(株)千木リース (6)当日
お化け屋敷と揶揄される事務所に、当人たちが集まったのはそれから3日後のことだった。薄暗い部屋には、一つの棺桶が設置され、中には大量の石とマネキンが一体安置された。加えて、自分は斎服、依頼者はそれぞれ喪服と白装束と神事と葬式が組み合わさったなんとも言えぬ面妖な雰囲気となった。
玲子さん曰く、中長期間の賃貸契約を社長不在で行うともなれば、それになりの準備も必要であり、結果用意された代物だという。まあ、言われた所で登用僅か数日の自分には、その違いなど分からず、ただただ不気味なだけなのだが。
宗教もバラバラで、異様な雰囲気は依頼者二人にも不安を抱かせているのは火を見るより明らかである。
「本当に合ってるんですか?これで」
「大丈夫、何回もやってきたことだし、今更間違わないって」
あっけらかんと言い放った彼女を見て、理解は出来ないが納得はした。経験のある彼女が心配するなというのだから大丈夫なのだろう。
「えー不気味な空間で、困惑されているとは思いますが、改めて本日はご足労頂きありがとうございます。本日、この場において正式に契約の締結とその履行とを行わせていただきます。再度契約内容の確認と誓約書に目を通していただき、不備がなければ、判を頂戴いたします。」
彼女らは契約書を一通り一瞥すると、持参した印鑑で判を押した。内心、こんな契約を締結するのが不安でないのかと思ってはいたが、顧客へ不信感を抱かせるような行為はすべきではないととどまった。

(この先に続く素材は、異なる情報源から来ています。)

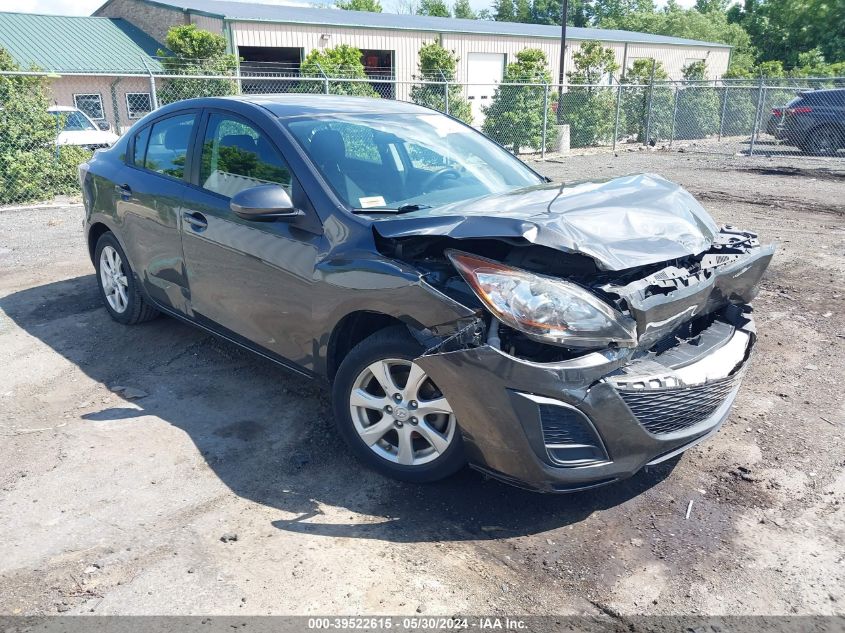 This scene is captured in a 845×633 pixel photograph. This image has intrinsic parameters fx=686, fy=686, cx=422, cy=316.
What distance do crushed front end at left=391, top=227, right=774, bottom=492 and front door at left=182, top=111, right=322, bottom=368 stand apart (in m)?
0.80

「それでは、契約成立ということで、これから契約内容の履行をさせていただきます。」
発言と同時に、それぞれに白と黒の布で目隠しをしてもらい、棺桶の前に一列に正座させる。それが終わると、玲子さんの指示通り、報酬の一部と大型のクーラーボックスを中心に設置し、自分は部屋の隅に引いた。
それを見ると玲子さんがゆっりと、二人に相対するように地面に腰掛け、自分にしたのと同じようにそれぞれの片手を頭におかせた。

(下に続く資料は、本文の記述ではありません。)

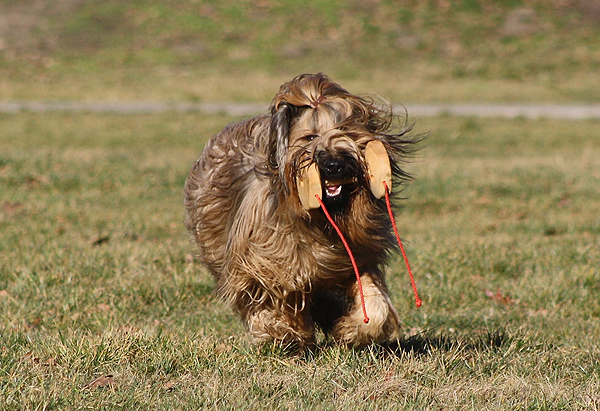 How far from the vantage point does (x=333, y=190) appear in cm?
421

「期限は1年。賃貸品は彼女の求める物。代価は金。返礼はまぐろ。死をもたらさず、生して預らせ。」
言葉と同時に、彼女らの重心が中央にそれる。自分は一瞬だったが、期限が関係するのか、数分間彼女らは肩に座る何かの重みに反抗し続けた。
同時に、クーラーボックスは小刻みに揺れ続け、中にあるご褒美をしゃぶりつくすかのようにくちゃくちゃと音を立ててほうばっていた。見えないが、音や陰から獣の類であることは察しが付く。
数分の後、彼女らの重みと同時に金が消え、異様な雰囲気も去って行った。残ったのは、下腹部の違和感と掃除する者のことなどお構いなしの残飯だけであった。